▽
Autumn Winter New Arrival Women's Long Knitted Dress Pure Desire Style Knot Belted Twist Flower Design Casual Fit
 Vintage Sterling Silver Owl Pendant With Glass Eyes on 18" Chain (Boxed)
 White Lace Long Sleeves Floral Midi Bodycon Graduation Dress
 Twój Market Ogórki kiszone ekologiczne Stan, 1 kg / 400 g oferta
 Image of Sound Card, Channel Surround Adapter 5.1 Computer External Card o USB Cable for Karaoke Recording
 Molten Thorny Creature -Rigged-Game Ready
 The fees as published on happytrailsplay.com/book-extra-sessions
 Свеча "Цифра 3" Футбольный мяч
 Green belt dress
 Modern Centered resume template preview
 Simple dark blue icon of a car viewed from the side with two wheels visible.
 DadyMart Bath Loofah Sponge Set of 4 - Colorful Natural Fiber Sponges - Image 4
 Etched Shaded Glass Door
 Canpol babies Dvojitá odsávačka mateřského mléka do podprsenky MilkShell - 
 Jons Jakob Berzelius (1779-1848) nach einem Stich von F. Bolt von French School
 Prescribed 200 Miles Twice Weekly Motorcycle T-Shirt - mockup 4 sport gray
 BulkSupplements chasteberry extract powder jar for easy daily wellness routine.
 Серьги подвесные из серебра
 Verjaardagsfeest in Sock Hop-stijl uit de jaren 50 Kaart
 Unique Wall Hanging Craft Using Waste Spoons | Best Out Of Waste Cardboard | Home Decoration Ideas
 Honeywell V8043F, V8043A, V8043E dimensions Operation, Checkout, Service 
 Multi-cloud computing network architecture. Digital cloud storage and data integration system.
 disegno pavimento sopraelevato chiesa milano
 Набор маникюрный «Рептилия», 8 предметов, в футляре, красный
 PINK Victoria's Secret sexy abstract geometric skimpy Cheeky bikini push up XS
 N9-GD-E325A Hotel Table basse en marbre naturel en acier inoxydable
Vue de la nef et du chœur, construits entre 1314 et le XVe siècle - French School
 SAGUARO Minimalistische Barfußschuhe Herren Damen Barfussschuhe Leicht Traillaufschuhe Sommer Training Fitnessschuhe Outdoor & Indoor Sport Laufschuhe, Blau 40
△
* **What the task requires**
For every line in the data above that has the string "School", return that line.

* **Finished exercise**
 Jons Jakob Berzelius (1779-1848) nach einem Stich von F. Bolt von French School
Vue de la nef et du chœur, construits entre 1314 et le XVe siècle - French School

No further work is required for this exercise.